### Exercise details
Restate the lines exactly, starting at the line that contains "Innovative data visualization" and finishing with the final line of the records.

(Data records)

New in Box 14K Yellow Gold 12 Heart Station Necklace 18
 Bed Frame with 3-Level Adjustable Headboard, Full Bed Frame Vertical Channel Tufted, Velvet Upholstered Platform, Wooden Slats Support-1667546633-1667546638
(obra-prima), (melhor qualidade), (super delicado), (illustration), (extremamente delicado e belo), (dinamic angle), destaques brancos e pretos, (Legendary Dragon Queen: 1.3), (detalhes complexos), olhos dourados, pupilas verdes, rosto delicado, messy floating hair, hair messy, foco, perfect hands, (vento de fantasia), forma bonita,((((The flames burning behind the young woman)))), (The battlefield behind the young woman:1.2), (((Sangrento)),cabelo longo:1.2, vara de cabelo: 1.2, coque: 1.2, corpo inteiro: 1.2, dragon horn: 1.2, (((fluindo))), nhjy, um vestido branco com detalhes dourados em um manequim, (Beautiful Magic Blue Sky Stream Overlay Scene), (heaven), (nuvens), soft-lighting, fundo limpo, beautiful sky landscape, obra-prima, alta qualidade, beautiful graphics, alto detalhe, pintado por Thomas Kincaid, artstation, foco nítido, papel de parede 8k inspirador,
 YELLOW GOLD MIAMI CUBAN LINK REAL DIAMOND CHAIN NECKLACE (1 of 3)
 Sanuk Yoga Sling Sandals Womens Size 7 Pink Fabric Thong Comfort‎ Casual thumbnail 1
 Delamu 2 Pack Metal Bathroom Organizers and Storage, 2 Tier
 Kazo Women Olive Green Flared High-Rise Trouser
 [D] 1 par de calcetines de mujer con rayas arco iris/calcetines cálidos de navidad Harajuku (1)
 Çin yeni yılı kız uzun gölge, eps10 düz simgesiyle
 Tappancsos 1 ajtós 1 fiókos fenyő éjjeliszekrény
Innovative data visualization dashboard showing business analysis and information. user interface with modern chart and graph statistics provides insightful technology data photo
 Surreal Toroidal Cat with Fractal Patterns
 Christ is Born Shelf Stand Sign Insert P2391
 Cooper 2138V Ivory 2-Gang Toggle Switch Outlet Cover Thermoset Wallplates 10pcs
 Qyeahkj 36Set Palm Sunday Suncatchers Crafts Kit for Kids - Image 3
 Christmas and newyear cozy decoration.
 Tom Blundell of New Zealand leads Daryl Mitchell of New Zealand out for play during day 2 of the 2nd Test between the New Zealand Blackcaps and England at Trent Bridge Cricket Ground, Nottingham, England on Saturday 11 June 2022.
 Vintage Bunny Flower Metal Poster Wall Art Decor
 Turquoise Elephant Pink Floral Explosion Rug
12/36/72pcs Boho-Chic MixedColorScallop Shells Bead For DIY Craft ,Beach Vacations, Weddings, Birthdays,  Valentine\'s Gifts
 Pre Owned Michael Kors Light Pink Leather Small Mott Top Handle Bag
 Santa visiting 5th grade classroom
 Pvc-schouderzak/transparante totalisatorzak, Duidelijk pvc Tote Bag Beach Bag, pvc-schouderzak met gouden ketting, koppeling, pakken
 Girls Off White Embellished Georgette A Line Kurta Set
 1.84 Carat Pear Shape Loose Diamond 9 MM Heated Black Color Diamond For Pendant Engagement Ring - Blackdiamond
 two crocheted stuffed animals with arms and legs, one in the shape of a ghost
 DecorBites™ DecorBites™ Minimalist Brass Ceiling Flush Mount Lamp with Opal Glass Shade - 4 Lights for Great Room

### Exercise answer
Innovative data visualization dashboard showing business analysis and information. user interface with modern chart and graph statistics provides insightful technology data photo
 Surreal Toroidal Cat with Fractal Patterns
 Christ is Born Shelf Stand Sign Insert P2391
 Cooper 2138V Ivory 2-Gang Toggle Switch Outlet Cover Thermoset Wallplates 10pcs
 Qyeahkj 36Set Palm Sunday Suncatchers Crafts Kit for Kids - Image 3
 Christmas and newyear cozy decoration.
 Tom Blundell of New Zealand leads Daryl Mitchell of New Zealand out for play during day 2 of the 2nd Test between the New Zealand Blackcaps and England at Trent Bridge Cricket Ground, Nottingham, England on Saturday 11 June 2022.
 Vintage Bunny Flower Metal Poster Wall Art Decor
 Turquoise Elephant Pink Floral Explosion Rug
12/36/72pcs Boho-Chic MixedColorScallop Shells Bead For DIY Craft ,Beach Vacations, Weddings, Birthdays,  Valentine\'s Gifts
 Pre Owned Michael Kors Light Pink Leather Small Mott Top Handle Bag
 Santa visiting 5th grade classroom
 Pvc-schouderzak/transparante totalisatorzak, Duidelijk pvc Tote Bag Beach Bag, pvc-schouderzak met gouden ketting, koppeling, pakken
 Girls Off White Embellished Georgette A Line Kurta Set
 1.84 Carat Pear Shape Loose Diamond 9 MM Heated Black Color Diamond For Pendant Engagement Ring - Blackdiamond
 two crocheted stuffed animals with arms and legs, one in the shape of a ghost
 DecorBites™ DecorBites™ Minimalist Brass Ceiling Flush Mount Lamp with Opal Glass Shade - 4 Lights for Great Room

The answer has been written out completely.